Background information
- Also known as: Kris Esfandiari, Dalmatian, Miserable, MountShout, NGHTCRWLR
- Born: March 4, 1988 (age 38) Sacramento, California, U.S.
- Origin: United States
- Genres: Shoegaze, doom metal, R&B, hip hop, experimental noise
- Occupations: Singer, musician, producer
- Instruments: Vocals, guitar
- Years active: 2009–present
- Labels: Relapse, The Native Sound, Sargent House, The Flenser, Dero Arcade, Genie Mob
- Member of: King Woman, Sugar High
- Formerly of: Whirr

= Kristina Esfandiari =

American singer–songwriter (born 1988)

Kristina Esfandiari (born 4 March 1988) is an American singer-songwriter and music producer. She writes music and performs under the monikers Dalmatian, Miserable, and NGHTCRWLR, and with the bands King Woman and Sugar High.

==Early life==
Kristina Esfandiari was born to immigrant parents, an Iranian father and a Serbian mother. They raised her in a Charismatic Christian church. She was raised in Sacramento, California. At age 22, she moved to the San Francisco Bay Area.

== Career ==
Esfandiari began her musical career as a vocalist for shoegaze band Whirr from 2012 to 2013 and was featured on the EP Around, before moving onto her own projects.

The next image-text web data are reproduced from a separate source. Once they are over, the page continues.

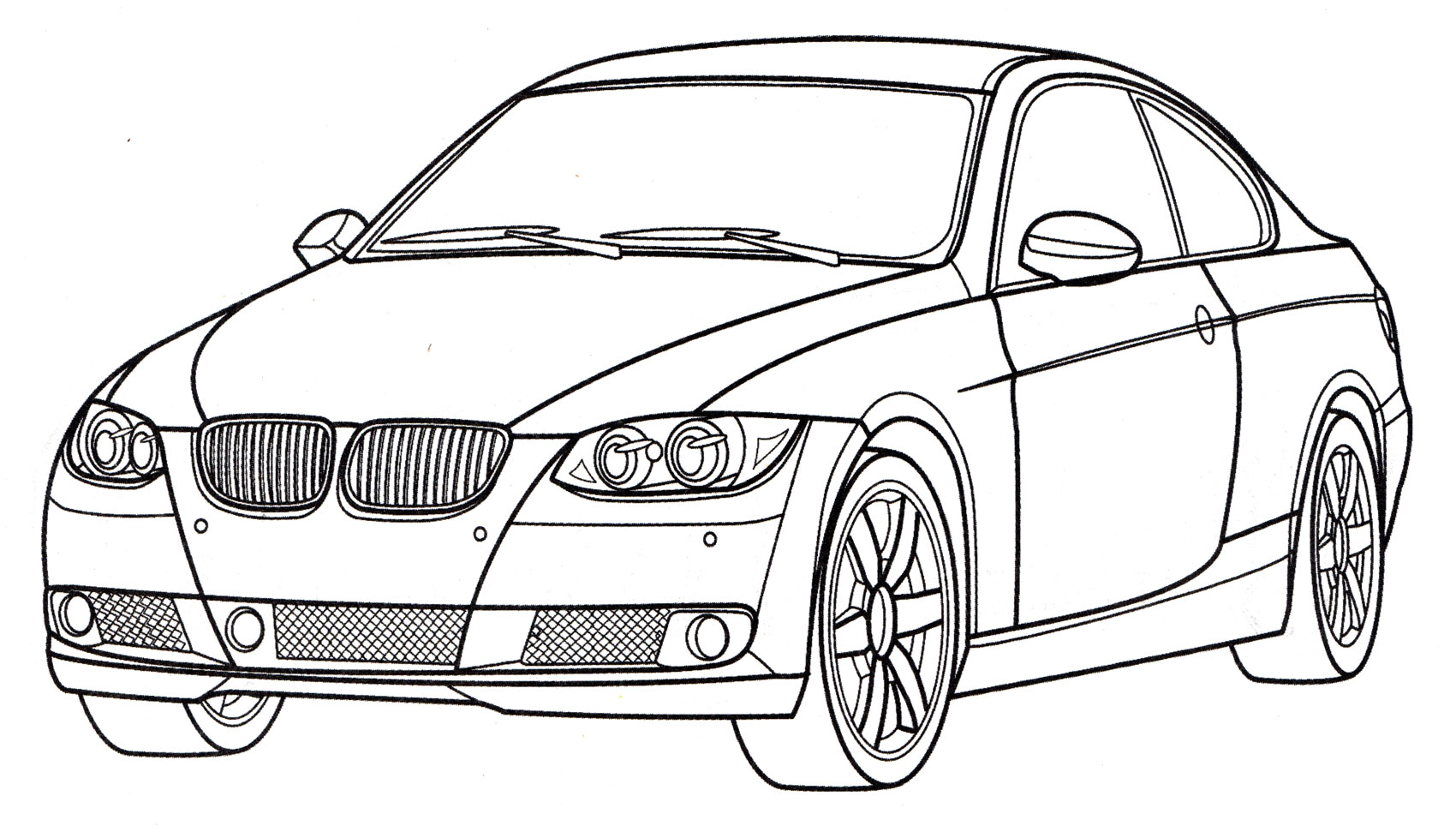 BMW 3-series №1985. Раскраски для мальчиков по категориям. Машины.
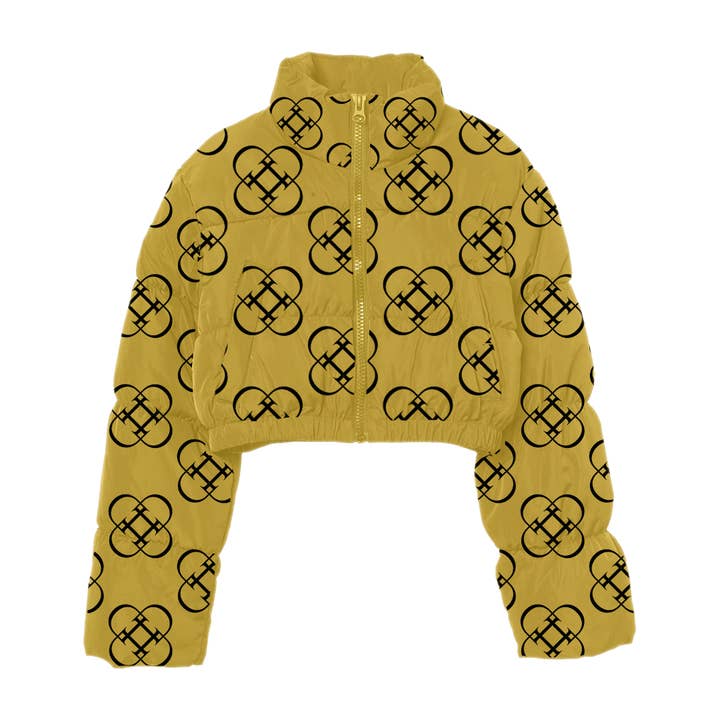 MUSTARD CROPPED PUFFER JACKET for wholesale by DÄS NINE
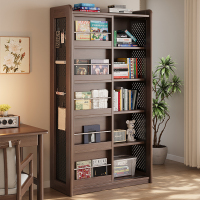 实木书架落地置物架客厅推拉门展示柜书柜一体儿童多层绘本收纳架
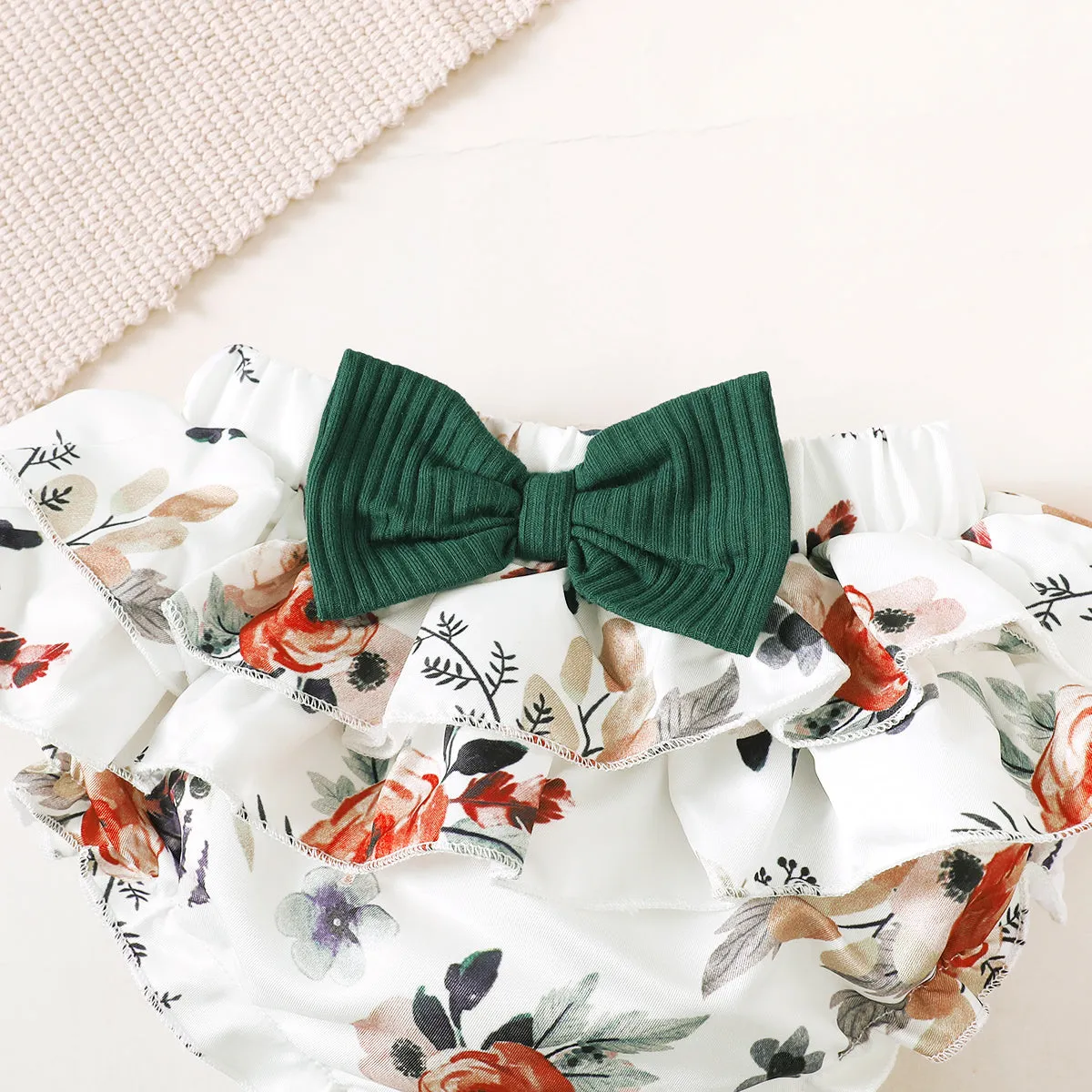 3pcs Baby Girl 95% Cotton Ribbed Ruffle Short-sleeve Letter Embroidery Romper and Floral Print Layered Shorts with Headband Set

In her early years as a performer, Esfandiari became well known for her heavy and dramatic vocals during live shows. As of June 2021, Esfandiari releases music under a multitude of personas: Miserable, KRIS, Dalmatian, Sugar High, and NGHTCRWLR.

Esfandiari is best known as the lead vocalist for the band King Woman. Esfandiari began King Woman as a solo project in 2009. The project later became a band, after she was joined by her childhood friend, Joey Raygoza.

=== Dalmatian ===
Esfandiari debuted her Dalmatian persona via her social media channels. Dalmatian is a rap project, inspired by artists including Elkk and JRAL. Dalmatian's first release was single "Pain Thresold", followed by "Friday the 13th", released October 2020. Speaking to Revolver in October 2020, Esfandiari said that she was working on Dalmatian's first album, featuring JRAL and Elkk.

=== King Woman ===

King Woman released their first successful EP, Doubt, with The Flenser in 2015. The EP was inspired by Esfandiari's experiences of trying to leave her religious upbringing.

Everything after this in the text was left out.